Effective November 1, 1996, options no longer have to be nontransferable to enjoy exemption under Rule 16b3. As a result, under the New Rules the grant of a transferable NSO or an amendment to an existing option to permit transferability should not be considered a "purchase" under Section 16 that can be "matched" with a sale of employer securities during the six months before and after the option grant. (Note that under the New Rules, amending an option to permit its transfer will not be treated as a cancellation/regrant for Section 16 purposes as was the case under prior rules. SEC Release 34-37260, fn. 169.)
Different rules may apply, however, in the case of options amended prior to November 1, 1996, since the amended options may be subject to the prior rules. Moreover, in the case of an option transfer by an insider to a family member living in the same household as the insider, the option will be considered indirectly owned by the insider and will remain subject to continuing reporting under Section 16(a) of the Securities Exchange Act of 1934. A plan amendment permitting option transfers does not generally require shareholder approval.
Tradeability of Shares
Form S-8 is the standard SEC registration form for public company securities to be issued to employees under employee equity plans. In essence, registration on Form S8 ensures that the shares employees receive under such plans will be freely tradeable on the open market. Unfortunately, Form S8 is generally limited to share issuances to employees and does not extend to shares issued in connection with an option transferred by the employee-donor during his or her lifetime.

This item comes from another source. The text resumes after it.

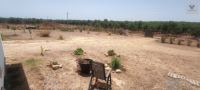 Finca mit Haus in Beas, Huelva / Condado kaufen - Energieautarke Finca in Lobera: 192 m² Wohnfläche, eigener Solarstrom und Wasserversorgung - Bild 23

Although the SEC is considering changing this limitation, under current law option shares issued to the donee of an option will not be freely traded but will instead be considered "restricted" (i.e., transferable subject to the restrictions on transfer imposed under Rule 144 of the Securities Act of 1933). As a result, shares issued to the donee will be subject to the holding period requirement under Rule 144. Under limited circumstances, Form S3 may be available to cover resale of option shares by the recipient.
Companies considering amending options to permit transfers should also be sensitive to the financial accounting consequences of such an amendment. In particular, companies should consult their auditors to determine whether such an amendment triggers a new measurement date. Amending an option to permit transfers to the employee's family or family entities (e.g., family trusts or family partnerships) should not trigger a new measurement date. If a new measurement date is triggered, the company would be required to recognize compensation expense based on the difference between the option exercise price and the value of the option shares at the time of the amendment.
The consequences of option transfers can be uncertain. ISOs cannot be transferred and continue to qualify as ISOs, but NSOs may be transferred if the option plan permits it. Employee/donors must confront a number of complex gift and income tax concerns as well as the potential lack of marketability of the transferred option shares before deciding to pursue an option transfer. Nevertheless, in certain situations the estate planning benefits of an option transfer can be substantial and may still outweigh these disadvantages.